─── Supplied material ───

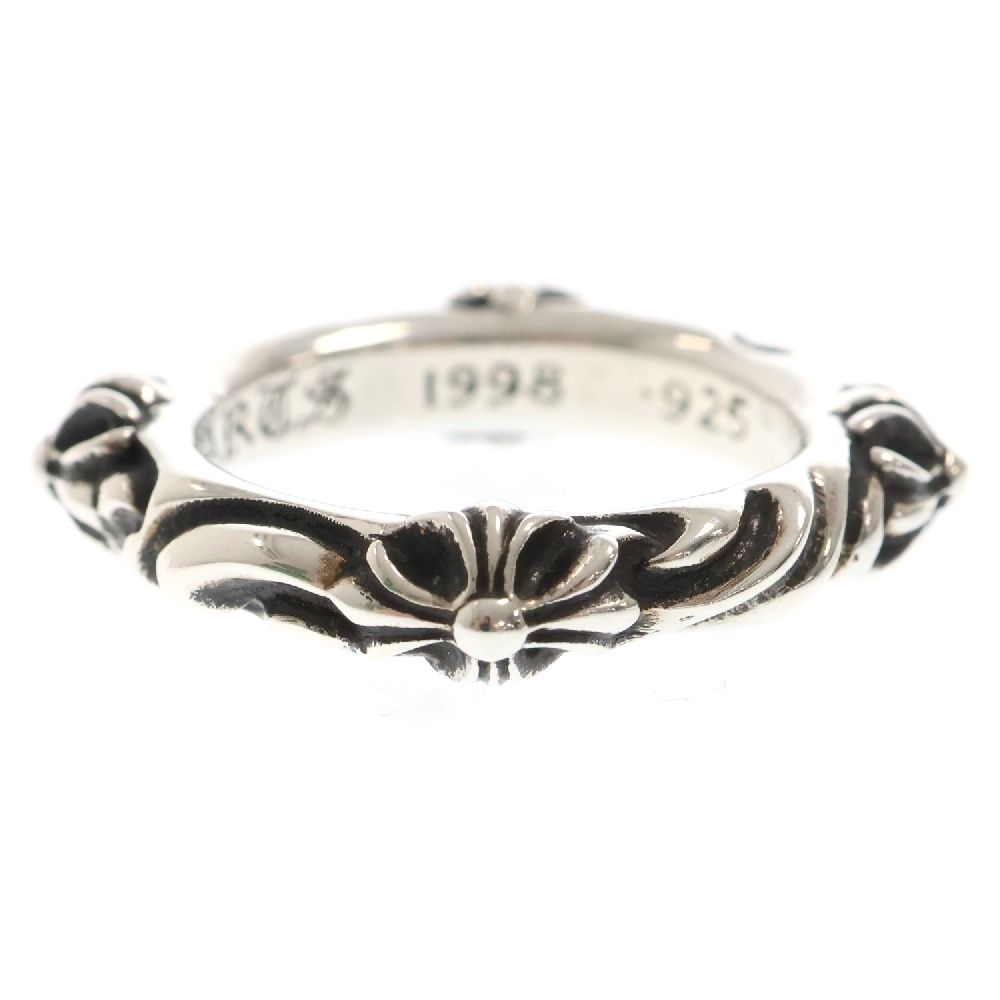 CHROME HEARTS クロムハーツ SBT BAND SBTバンドリング シルバー BCA345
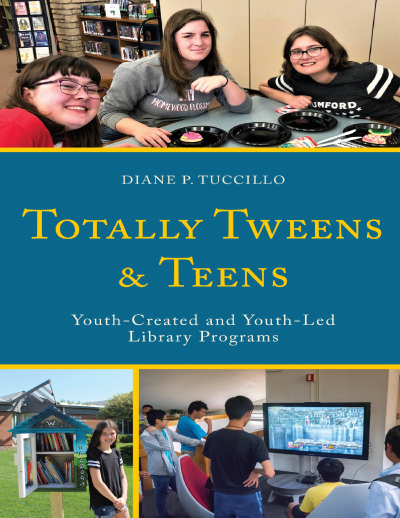 Cover des Buchs: Totally Tweens and Teens
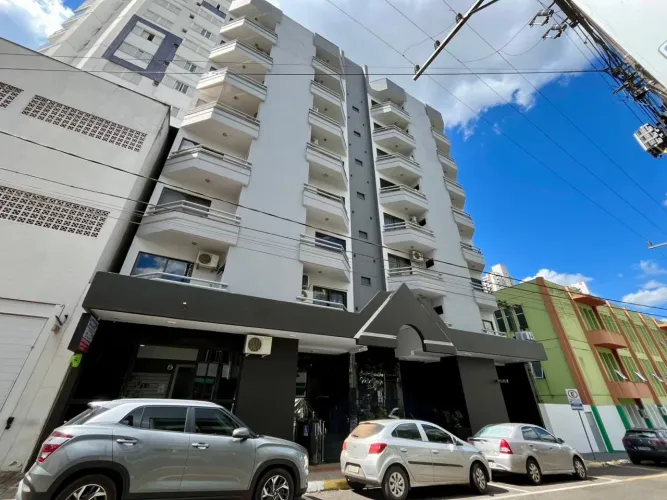 Sala Comercial para aluguel no Centro de Chapecó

───

* Your objective *
The task requires the full listing to be given again verbatim, without its pictures.

* Response to the task *
 CHROME HEARTS クロムハーツ SBT BAND SBTバンドリング シルバー BCA345
 Cover des Buchs: Totally Tweens and Teens
 Sala Comercial para aluguel no Centro de Chapecó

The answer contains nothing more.